The iPhone 8 Camera

I just took delivery of my iPhone 8 Plus today and decided to give it a whirl out in the great outdoors, so I took a little trip to Chickies Ridge/Rock to put it through its paces. Here are some shots that are essentially right off the camera. I will note that in a few I either lowered or raised the overall exposure, cropped for straightening horizons, and for one I applied the "Noir" filter that's built right in to the camera app. Almost all other aspects of the photos have remained unchanged.

This wasn't the portrait camera, I just got super close to this bunch of fallen berries and fired off a few shots. The colors in particular are what made me stop and march into some overgrowth to get this one.

For this one, I started the panorama on the right side (pointing at the sun) in an attempt to throw the camera off, which it kind of did. Notice there are four sun flares by the rocks, some vertical banding to the right of center, and the shadows have a blue tint to them. All that to say, the camera still did an incredible job of capturing this scene and I actually really like the result!

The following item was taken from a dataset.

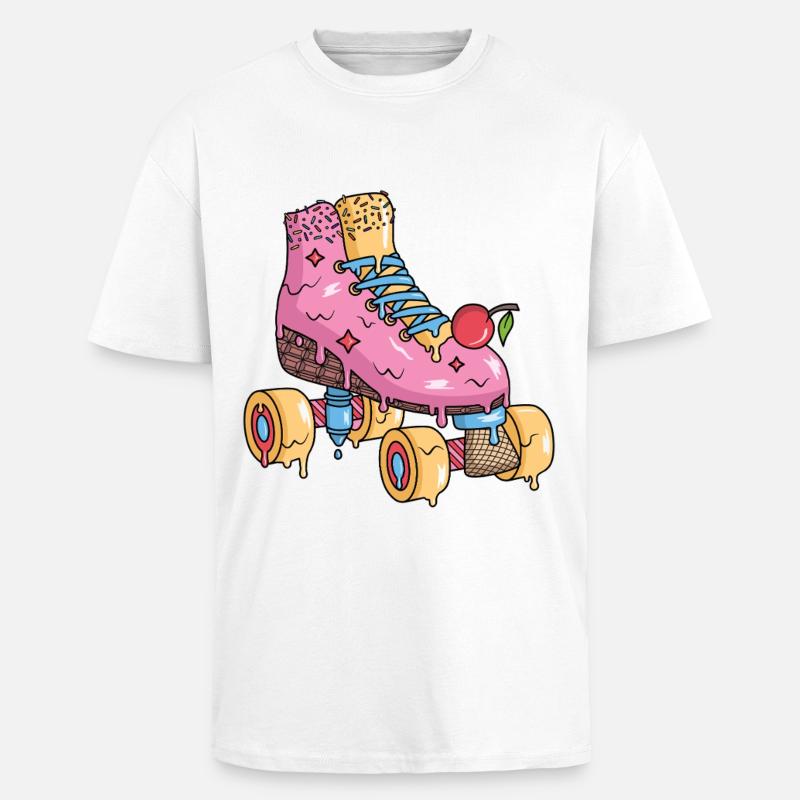 Rollschuhe Eiscreme Roller Skates Rollschuh - Unisex Oversized Heavyweight T-shirt - white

I am definitely not a photographer, but I love the art. Playing with composition and colors and contrast and patterns has always appealed to me deeply. This camera seems almost unreal in how well it renders any given scene. Granted, I haven't tried it at night yet, but I fully intend to try that in the coming days.

Now, the Fun Stuff

I'm not sure if there's a photo you've seen recently that hasn't been doctored in some way. If you're using a service like Facebook, Instagram, or VSCO you're very likely adding a filter at least, perhaps adjusting saturation or "Clarity", or even just cropping.

The old adage when it comes to photos (and videos... and audio... and everything, I reckon) is "Garbage in, garbage out". If you take a bad picture, the odds of being able to bring it back from the brink are slim. That being said, the chances of you taking a garbage picture with the iPhone 8 camera seems highly unlikely.

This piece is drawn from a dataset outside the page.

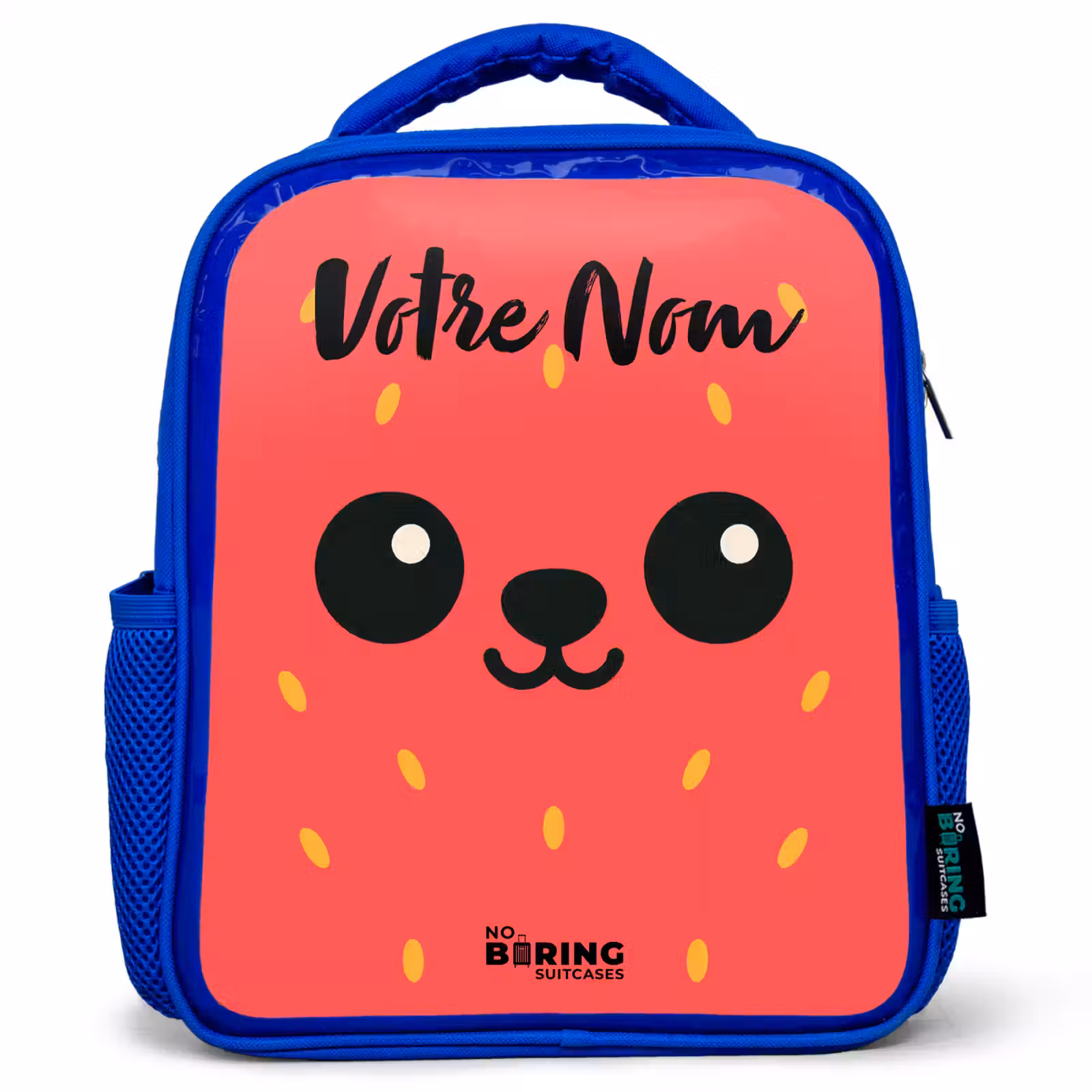 Sac à dos enfant avec nom - Bleu - Kawai - Fraise - Rouge — 1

Given the time, I love capturing images in Lightroom Mobile for a few reasons:

  1. It captures RAW images, like a DSLR. This means more room to make exposure and white balance changes after taking the photo, plus more detail is kept intact.
  2. Expanding upon the last point, Lightroom Mobile has an HDR mode that allows you to capture a 16-bit RAW file which has unparalleled levels of color information and detail
  3. You can use almost the entire suite of Lightroom tools right on your phone quicker and easier than on the desktop
  4. All of the aforementioned changes sync back to the desktop version, should you be a Creative Cloud subscriber

With all of that out of the way, here are a few select photos I captured with Lightroom Mobile and edited all from the new phone:

On this one, I didn't even notice until I brought it in for post-production that the camera actually even captured some bugs caught in a spiderweb on the protruding branches. Crazy!

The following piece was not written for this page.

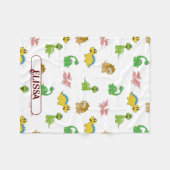 Cute Kinder Dinosaur Animal Pattern Waterverf Name Fleece Deken (Voorkant (Horizontaal))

The amount of detail you can retain in a RAW image, especially one taken by this camera, is impressive. Some random thoughts about this phone/camera:

  • 12MP is currently perfect given their goals: It's exactly the resolution needed for 4K video, and having less megapixels translates to bigger photosites on the sensor which means improved low light performance
  • I really loathe one of the marketing terms that Apple is using: "Deeper Pixels". I'd much rather they went with Deeper Color, which is a far more accurate thing to say about a still camera you're touting the HDR capabilities of
  • I wish camera manufacturers would take a lesson from Apple here and be absolutely aggressive on the software side, squeezing every last bit of performance from their purpose-made devices as possible. My $5800 Sony FS5 can't even shoot 4K60 video without hooking up a bulky external recorder and paying an additional $500 to unlock the feature
  • Speaking of camera manufacturers: I'm thinking this device. (plus the upcoming X) just halved whatever the remaining days of the point-and-shoot camera had left. Seriously, why would buy one of those again?

I'm going to continue to take some shots with this little beast and certainly delve further in on the video side of things, but as it stands now I wouldn't hesitate to tell someone with an iPhone 8 that they could leave the DSLR at home and opt for the portable solution they already have on them.